You will need to acquire that mass from somewhere & refine it, as well as loft it above your target body. As the 'pressure supported' structure only works once the structure is complete and pressurised, lifting it to altitude either requires enormous amounts of scaffolding structure (to support a planetoid-wide peta-tonne roof several kilometres high), or launching your shell into orbit in sections before joining and despinning once the atmosphere is pressurised. Either are enormous energy and mass expenditures that could also be served launching a fraction of that mass into orbit and assembling into stations instead. This is true even if you;re harvesting the host body for mass, but much moreso of you need to import your mas from another body.
the setup is unstable, the 'contained' mass will drift into the shell wall (or the shell wall will drift into the mass, depending on your point of view) without constant active control and manipulation to keep it centred.
On top of that, the ~2x10^18 kg mass makes it uncompetitive in mass-per-unit-habitable-area compared to a rotating station (e.g. Island 3 on the order of 4.5x10^12) until you want to build more than a million stations.
Digging up, digging out, and back-filling a canyon in Mariner Valley is probably a quicker and easier approach than bootstrapping an atmosphere on the entire planet.
Quote from: RotoSequence on 12/31/2019 04:29 amDigging up, digging out, and back-filling a canyon in Mariner Valley is probably a quicker and easier approach than bootstrapping an atmosphere on the entire planet.It doesn't make sense to do it on a planet (unless the planet doesn't have a usable surface.) You only save part of the required mass of atmosphere, and nothing on the required water, etc.
IMO, the issue with a shell world is the construction. Unlike other types of paraterraforming, or building individual rotating habitats, it doesn't lend itself to natural expansion, it's all or nothing.
That doesn't work this this technique: it relies on the mass of the shell to counter the internal pressure. If you have a dome, its own mass cannot do this (as the dome surface normal is only aligned to local gravity at the peak) so the dome must be built to mechanically resist the pressure, defeating the entire point of the concept and leaving you with a regular old dome.
Quote from: edzieba on 01/03/2020 05:07 pmThat doesn't work this this technique: it relies on the mass of the shell to counter the internal pressure. If you have a dome, its own mass cannot do this (as the dome surface normal is only aligned to local gravity at the peak) so the dome must be built to mechanically resist the pressure, defeating the entire point of the concept and leaving you with a regular old dome.If you have a high aspect ratio dome (that is, much larger in diameter than in height), then gravity can supply the vast majority of the containment force. The radial force does need to be mechanically contained.

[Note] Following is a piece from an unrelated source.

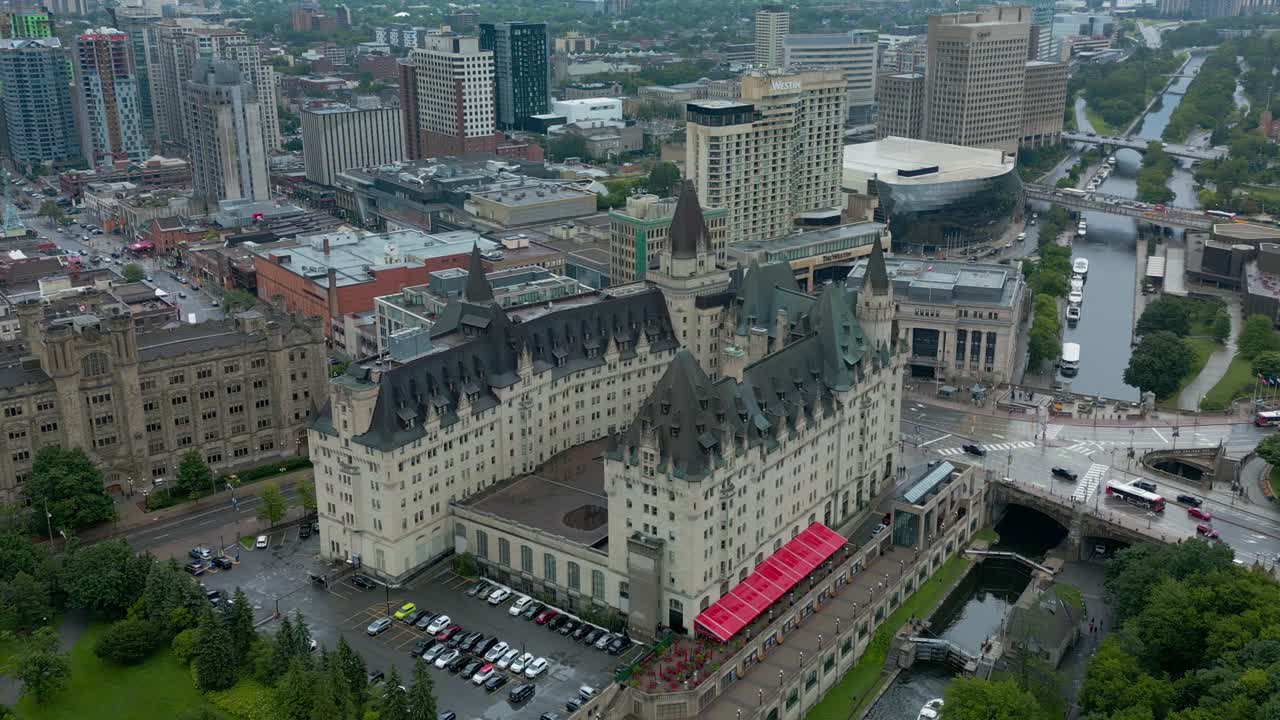 Fairmont Château Laurier: vista aerea SW con drone dell'iconico punto di riferimento a Ottawa, distinto per il suo stile architettonico rinascimentale francese, con autobus turistici che passano accanto alla struttura, in un loop video continuo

Quote from: edzieba on 12/31/2019 06:47 amthe setup is unstable, the 'contained' mass will drift into the shell wall (or the shell wall will drift into the mass, depending on your point of view) without constant active control and manipulation to keep it centred.Incorrect. If the gap between the gravitational mass (in this case, acting as the surface) and the shell is large enough to permit a pressure gradient, then there will be more pressure on low points of the shell than on high points. Given that the gravity on a sphere is uniform, even a slight difference in the pressure will continually centralise the shell (or the contained mass, depending on your point of view.)
The shell would bounce around the planet like on springs and and would create shear stresses with huge component forces. These things are not even in dynamic equilibrium without restoring force
Quote from: Mark K on 01/03/2020 07:24 pmThe shell would bounce around the planet like on springs and and would create shear stresses with huge component forces. These things are not even in dynamic equilibrium without restoring force How is a spring not in dynamic equilibrium, providing a restoring force?